Exercise description - The reply to the records below should contain exactly the lines from the line with "In just these" through the line with "Oh my god, I'm", and nothing besides.

Data excerpts
--

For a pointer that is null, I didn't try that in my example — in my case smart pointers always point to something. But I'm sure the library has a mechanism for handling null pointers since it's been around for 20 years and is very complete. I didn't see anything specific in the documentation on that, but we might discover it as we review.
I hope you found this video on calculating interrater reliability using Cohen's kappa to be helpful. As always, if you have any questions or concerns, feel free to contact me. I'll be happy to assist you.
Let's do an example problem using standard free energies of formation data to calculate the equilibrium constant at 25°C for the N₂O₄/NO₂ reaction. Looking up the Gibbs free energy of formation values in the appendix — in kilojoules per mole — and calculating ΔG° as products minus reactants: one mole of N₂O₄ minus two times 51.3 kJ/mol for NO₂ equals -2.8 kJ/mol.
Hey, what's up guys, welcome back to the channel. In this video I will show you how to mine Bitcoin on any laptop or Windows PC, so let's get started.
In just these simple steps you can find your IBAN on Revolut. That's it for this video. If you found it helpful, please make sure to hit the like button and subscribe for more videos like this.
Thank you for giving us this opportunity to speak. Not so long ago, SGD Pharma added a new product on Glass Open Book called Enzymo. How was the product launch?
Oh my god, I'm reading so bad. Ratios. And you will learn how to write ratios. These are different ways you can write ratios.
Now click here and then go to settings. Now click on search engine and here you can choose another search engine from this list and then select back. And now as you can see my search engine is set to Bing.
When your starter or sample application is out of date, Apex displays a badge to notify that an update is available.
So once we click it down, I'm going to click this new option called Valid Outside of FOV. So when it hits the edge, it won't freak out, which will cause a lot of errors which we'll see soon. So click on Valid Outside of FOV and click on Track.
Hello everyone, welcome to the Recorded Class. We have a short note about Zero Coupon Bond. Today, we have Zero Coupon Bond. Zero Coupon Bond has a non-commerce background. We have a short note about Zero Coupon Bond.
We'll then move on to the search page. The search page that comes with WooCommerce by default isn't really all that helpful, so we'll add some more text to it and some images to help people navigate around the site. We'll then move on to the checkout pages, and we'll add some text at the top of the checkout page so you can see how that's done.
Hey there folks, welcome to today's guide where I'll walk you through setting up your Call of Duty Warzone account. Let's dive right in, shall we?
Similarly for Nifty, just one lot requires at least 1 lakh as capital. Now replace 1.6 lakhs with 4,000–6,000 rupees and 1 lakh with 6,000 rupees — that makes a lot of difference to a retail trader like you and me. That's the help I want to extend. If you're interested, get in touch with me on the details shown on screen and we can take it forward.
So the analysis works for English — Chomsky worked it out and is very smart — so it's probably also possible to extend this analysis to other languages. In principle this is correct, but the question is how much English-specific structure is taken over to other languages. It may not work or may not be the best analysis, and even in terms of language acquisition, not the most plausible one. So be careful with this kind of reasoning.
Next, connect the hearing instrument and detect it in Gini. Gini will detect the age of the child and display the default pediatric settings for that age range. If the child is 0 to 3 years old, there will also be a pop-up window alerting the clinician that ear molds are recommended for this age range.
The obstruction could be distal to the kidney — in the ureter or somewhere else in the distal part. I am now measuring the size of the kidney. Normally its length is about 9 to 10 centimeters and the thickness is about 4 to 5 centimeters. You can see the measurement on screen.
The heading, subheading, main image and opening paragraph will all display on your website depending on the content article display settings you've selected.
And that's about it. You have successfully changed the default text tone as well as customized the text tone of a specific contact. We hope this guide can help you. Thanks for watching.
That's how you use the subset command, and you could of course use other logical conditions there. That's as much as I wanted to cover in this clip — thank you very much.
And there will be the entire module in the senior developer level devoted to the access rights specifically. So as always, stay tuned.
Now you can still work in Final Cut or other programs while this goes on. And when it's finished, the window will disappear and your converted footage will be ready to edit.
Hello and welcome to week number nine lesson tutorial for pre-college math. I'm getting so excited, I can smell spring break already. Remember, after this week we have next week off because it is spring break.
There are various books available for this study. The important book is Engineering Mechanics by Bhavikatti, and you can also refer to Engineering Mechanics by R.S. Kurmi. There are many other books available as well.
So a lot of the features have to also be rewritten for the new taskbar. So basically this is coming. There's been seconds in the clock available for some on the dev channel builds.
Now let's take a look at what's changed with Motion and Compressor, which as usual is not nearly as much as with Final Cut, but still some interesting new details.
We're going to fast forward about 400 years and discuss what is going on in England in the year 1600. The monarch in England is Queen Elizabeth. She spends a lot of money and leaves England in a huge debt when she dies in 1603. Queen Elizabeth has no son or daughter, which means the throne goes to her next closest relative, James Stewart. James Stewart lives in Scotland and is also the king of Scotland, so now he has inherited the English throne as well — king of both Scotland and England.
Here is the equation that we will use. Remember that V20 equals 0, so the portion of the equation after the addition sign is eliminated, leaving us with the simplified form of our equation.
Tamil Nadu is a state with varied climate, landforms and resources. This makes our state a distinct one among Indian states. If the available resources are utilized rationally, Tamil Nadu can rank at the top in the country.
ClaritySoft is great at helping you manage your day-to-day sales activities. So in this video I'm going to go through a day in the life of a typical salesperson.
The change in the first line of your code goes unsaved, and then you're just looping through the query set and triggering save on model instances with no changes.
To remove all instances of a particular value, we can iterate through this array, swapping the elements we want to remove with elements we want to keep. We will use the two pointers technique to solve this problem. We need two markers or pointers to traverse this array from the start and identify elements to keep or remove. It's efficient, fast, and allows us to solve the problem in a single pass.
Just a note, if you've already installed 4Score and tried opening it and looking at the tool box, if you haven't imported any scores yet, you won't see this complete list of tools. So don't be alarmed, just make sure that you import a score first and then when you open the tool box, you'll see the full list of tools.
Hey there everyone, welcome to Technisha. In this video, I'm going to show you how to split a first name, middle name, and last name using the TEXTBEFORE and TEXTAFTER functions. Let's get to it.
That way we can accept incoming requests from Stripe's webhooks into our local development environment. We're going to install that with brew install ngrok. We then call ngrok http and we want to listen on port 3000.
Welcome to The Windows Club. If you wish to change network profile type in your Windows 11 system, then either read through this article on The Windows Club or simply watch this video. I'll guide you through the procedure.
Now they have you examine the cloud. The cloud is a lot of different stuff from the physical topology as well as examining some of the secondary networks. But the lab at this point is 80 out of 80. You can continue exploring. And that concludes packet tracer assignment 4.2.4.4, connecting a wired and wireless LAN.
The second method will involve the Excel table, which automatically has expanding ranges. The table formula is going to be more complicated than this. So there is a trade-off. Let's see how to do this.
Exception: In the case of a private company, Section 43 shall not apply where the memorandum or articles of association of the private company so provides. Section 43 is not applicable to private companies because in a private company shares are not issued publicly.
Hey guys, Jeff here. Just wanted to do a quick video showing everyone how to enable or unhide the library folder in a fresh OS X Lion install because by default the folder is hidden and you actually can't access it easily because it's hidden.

--

Result -
In just these simple steps you can find your IBAN on Revolut. That's it for this video. If you found it helpful, please make sure to hit the like button and subscribe for more videos like this.
Thank you for giving us this opportunity to speak. Not so long ago, SGD Pharma added a new product on Glass Open Book called Enzymo. How was the product launch?
Oh my god, I'm reading so bad. Ratios. And you will learn how to write ratios. These are different ways you can write ratios.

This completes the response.